Problem statement
Pick each line containing "Collection" out of the records.

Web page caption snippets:
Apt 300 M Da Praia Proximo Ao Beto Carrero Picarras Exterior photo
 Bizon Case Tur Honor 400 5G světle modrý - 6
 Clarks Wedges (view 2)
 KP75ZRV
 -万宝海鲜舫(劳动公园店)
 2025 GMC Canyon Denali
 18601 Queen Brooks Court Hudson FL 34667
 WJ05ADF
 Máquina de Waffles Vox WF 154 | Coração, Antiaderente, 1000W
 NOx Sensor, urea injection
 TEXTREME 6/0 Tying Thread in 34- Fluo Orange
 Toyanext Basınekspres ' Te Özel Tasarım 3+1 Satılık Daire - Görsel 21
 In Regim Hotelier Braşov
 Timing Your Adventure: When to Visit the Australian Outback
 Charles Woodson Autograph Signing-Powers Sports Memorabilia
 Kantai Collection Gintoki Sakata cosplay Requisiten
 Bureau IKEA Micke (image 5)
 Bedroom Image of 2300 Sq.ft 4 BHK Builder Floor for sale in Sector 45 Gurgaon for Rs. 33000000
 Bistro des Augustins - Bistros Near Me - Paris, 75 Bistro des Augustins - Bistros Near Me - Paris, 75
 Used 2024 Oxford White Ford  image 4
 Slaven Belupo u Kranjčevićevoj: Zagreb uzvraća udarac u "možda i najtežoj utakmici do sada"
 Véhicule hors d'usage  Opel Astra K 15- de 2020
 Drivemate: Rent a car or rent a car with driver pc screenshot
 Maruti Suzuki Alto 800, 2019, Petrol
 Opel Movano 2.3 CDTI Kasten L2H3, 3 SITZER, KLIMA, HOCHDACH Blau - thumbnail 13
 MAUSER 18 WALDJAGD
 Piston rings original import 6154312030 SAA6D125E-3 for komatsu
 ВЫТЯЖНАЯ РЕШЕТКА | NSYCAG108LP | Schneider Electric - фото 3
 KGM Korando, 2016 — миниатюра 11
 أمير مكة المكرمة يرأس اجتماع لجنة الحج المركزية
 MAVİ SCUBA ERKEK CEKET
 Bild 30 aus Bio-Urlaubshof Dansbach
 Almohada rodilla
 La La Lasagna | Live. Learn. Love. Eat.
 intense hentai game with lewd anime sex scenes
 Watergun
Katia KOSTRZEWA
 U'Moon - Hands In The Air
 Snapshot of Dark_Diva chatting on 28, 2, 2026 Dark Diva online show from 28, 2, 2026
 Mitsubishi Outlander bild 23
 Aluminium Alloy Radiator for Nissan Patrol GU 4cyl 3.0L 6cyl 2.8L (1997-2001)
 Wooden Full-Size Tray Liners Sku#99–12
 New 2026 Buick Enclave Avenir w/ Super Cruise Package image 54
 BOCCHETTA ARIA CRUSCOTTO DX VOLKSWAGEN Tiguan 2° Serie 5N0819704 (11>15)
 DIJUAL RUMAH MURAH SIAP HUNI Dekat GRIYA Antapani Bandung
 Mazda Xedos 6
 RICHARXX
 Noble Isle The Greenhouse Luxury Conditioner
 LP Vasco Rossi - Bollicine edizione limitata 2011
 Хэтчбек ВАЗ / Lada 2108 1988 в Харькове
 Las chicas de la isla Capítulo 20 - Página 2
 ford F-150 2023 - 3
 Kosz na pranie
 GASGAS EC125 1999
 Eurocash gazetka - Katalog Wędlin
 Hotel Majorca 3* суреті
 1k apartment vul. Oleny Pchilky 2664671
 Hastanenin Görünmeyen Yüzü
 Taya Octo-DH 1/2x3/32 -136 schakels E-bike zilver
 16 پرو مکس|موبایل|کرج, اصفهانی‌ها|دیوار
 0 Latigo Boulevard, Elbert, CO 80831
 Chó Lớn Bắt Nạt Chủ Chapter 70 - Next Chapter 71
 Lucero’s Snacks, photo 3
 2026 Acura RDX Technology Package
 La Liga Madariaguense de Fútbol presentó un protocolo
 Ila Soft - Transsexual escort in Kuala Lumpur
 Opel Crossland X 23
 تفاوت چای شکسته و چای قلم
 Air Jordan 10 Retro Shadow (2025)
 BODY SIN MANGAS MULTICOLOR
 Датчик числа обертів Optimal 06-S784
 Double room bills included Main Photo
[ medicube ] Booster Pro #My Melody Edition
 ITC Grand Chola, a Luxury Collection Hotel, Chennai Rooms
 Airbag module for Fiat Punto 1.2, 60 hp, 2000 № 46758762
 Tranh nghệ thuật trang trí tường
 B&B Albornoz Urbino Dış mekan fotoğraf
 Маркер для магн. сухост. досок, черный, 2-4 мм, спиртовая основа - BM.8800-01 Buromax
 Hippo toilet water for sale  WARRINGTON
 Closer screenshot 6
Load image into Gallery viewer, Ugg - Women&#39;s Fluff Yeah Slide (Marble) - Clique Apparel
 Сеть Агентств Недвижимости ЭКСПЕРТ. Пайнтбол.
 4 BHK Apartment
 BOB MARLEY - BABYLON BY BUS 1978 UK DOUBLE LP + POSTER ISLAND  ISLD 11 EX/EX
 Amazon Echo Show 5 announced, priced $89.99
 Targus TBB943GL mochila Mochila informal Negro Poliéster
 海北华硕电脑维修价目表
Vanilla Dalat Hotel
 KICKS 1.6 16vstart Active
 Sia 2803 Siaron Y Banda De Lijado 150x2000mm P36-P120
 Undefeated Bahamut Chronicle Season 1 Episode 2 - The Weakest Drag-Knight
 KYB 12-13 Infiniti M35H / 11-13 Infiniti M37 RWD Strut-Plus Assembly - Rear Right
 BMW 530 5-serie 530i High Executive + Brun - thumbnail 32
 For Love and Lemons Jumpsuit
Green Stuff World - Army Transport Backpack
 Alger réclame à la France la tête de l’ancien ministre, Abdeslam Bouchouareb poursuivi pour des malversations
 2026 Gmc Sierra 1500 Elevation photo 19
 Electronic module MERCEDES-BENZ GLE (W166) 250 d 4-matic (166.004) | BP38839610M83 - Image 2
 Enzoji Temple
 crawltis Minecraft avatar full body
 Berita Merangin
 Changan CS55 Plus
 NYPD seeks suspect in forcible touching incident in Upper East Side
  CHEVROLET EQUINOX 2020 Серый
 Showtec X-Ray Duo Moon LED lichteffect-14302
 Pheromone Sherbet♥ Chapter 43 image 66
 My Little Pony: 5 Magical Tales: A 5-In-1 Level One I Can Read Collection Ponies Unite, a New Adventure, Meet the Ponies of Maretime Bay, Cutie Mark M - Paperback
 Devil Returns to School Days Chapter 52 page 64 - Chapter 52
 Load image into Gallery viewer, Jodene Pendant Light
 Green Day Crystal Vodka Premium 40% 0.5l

The completed task
 Kantai Collection Gintoki Sakata cosplay Requisiten
 ITC Grand Chola, a Luxury Collection Hotel, Chennai Rooms
 My Little Pony: 5 Magical Tales: A 5-In-1 Level One I Can Read Collection Ponies Unite, a New Adventure, Meet the Ponies of Maretime Bay, Cutie Mark M - Paperback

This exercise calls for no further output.